I don't often focus on sales figures for games, but I'm particularly mystified by the case of Boom Blox. According to several published sources - and verified by NPD data - Boom Blox sold a disappointing 60,000 units in the U.S. during its first month of release. VGChartz, whose figures have come under scrutiny lately, reports a number closer to 90,000.
Excellent puzzle games like Zack & Wiki have sold even fewer copies in their first month, so I can't say I'm shocked by Boom Blox' performance. If a meaningful correlation between game quality and game sales exists, I've never seen it. And it's always possible the game will have legs and continue to sell in the months to come. I hope so, because Boom Blox is a big hit at my house, and every person I've showed it to has enjoyed it immensely - new and veteran gamers alike.
What mystifies me about Boom Blox is the Steven Spielberg connection. Nobody knows about it. In my utterly unscientific attempt to understand why this game has flown so far under the radar, I haven't come across a single local Wii owner who knew Spielberg was involved in making a video game.
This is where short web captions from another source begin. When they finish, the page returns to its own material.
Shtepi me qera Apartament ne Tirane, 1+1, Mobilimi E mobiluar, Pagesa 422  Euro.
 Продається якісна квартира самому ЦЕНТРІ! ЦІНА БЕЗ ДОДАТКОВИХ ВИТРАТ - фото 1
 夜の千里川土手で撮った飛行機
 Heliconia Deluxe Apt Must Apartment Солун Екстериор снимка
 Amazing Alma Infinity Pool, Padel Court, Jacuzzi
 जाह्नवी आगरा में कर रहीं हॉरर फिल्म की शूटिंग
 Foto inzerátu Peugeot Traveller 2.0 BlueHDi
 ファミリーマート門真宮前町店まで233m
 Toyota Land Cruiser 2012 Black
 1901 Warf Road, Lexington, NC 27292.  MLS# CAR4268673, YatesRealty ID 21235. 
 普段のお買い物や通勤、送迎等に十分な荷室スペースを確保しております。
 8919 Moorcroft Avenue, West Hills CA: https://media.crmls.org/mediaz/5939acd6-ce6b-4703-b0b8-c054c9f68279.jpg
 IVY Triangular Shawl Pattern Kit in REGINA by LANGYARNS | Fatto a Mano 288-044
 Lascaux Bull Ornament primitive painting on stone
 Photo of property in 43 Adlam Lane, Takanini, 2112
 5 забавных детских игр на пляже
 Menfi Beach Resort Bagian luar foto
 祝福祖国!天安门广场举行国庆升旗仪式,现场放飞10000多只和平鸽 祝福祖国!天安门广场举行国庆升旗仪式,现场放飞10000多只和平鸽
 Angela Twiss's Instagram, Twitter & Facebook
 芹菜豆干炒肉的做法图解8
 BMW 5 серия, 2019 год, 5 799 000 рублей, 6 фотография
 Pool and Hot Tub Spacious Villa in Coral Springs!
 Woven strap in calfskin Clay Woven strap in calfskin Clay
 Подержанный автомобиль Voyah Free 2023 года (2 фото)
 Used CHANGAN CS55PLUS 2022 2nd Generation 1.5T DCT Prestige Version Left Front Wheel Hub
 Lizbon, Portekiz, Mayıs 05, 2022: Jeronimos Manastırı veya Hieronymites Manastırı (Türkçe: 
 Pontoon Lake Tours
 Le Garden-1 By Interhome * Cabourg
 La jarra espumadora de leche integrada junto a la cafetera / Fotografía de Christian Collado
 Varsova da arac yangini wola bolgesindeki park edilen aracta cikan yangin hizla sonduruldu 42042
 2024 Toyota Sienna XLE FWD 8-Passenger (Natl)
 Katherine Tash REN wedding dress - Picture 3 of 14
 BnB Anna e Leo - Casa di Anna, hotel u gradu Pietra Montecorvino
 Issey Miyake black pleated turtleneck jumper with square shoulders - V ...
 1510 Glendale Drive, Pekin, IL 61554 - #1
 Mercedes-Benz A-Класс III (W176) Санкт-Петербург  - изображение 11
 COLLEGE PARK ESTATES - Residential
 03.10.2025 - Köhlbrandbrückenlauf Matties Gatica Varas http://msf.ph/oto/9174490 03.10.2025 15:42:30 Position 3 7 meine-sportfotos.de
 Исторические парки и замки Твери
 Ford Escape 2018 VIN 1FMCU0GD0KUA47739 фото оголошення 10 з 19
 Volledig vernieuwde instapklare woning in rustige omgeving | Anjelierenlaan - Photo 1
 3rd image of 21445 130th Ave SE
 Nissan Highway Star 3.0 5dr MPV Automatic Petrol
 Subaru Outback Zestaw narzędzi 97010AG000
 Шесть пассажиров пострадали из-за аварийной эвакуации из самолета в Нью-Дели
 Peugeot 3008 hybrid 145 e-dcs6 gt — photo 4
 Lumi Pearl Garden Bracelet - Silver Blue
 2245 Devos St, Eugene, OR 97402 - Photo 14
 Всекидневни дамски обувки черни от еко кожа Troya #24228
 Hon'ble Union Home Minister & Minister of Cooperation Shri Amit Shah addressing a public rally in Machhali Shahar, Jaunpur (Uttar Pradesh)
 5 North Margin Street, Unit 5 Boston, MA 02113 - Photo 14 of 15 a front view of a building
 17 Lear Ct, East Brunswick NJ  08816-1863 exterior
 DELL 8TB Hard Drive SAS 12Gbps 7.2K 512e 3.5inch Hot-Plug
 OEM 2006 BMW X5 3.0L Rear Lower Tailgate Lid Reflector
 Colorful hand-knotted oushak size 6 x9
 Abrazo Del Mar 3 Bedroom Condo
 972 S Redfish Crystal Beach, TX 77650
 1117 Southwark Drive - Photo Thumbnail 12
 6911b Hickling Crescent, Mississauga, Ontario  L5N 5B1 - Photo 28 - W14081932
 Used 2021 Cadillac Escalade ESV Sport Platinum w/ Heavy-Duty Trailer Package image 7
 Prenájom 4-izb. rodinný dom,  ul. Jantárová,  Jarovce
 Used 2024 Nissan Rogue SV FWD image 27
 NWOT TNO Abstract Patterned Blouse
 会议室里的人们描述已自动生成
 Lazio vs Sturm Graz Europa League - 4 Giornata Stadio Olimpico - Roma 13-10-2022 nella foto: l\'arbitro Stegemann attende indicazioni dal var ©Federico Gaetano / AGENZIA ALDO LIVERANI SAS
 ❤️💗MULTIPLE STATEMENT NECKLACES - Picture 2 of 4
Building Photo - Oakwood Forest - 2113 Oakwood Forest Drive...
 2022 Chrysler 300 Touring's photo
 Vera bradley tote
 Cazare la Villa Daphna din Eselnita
Wasn't that supposed to be a big deal? Wasn't Spielberg's name supposed to draw in at least a tiny sliver of the millions of people who know nothing about Will Wright or Shigeru Miyamoto, but associate Steven Spielberg with fun family entertainment?
I think I had it backwards. I assumed a game like Boom Blox - which has nothing obvious going for it (bad title, bad box art, bad release date, uknown new IP) - would rely on Spielberg's name and involvement to build awareness and interest in the game, particularly among casual gamer Wii owners. Certainly when it was first announced, EA pushed Spielberg's name in every announcement and preview, suggesting he had real input in the overall design.
But as far as I can tell (again, very unscientific observation), most owners of Boom Blox bought the game on the recommendation of a friend, an online review, or in the case of two people I know, from playing it hands-on in the store. Spielberg's involvement was no factor at all, and my guess is that plenty of people are enjoying the game right now unaware of the Spielberg connection.
I'd be curious to hear people's opinions on the failure of Boom Blox to make a splash. Is it the "kiddie" graphical style? Are console puzzle games out of fashion? Another case of third-party-itis on a Nintendo platform? Too many other big games released at the same time?
But I'm equally curious to know why the Spielberg connection seemed to evaporate at release. Maybe I'm naive about these things, but a few prime time commercials featuring Mr. Hollywood himself saying "Hey, I've teamed up with Nintendo and EA to make a really cool game for the Wii that you can play with your whole family. Look what you cand do!" Cut to gameplay footage with Spielberg taking on a kid, a dad, E.T. - heck, bring on the cast of Schindler's List. Okay, maybe not, but you get the point.
Surely EA wanted Spielberg onboard because his notoriety would sell more games. What went wrong?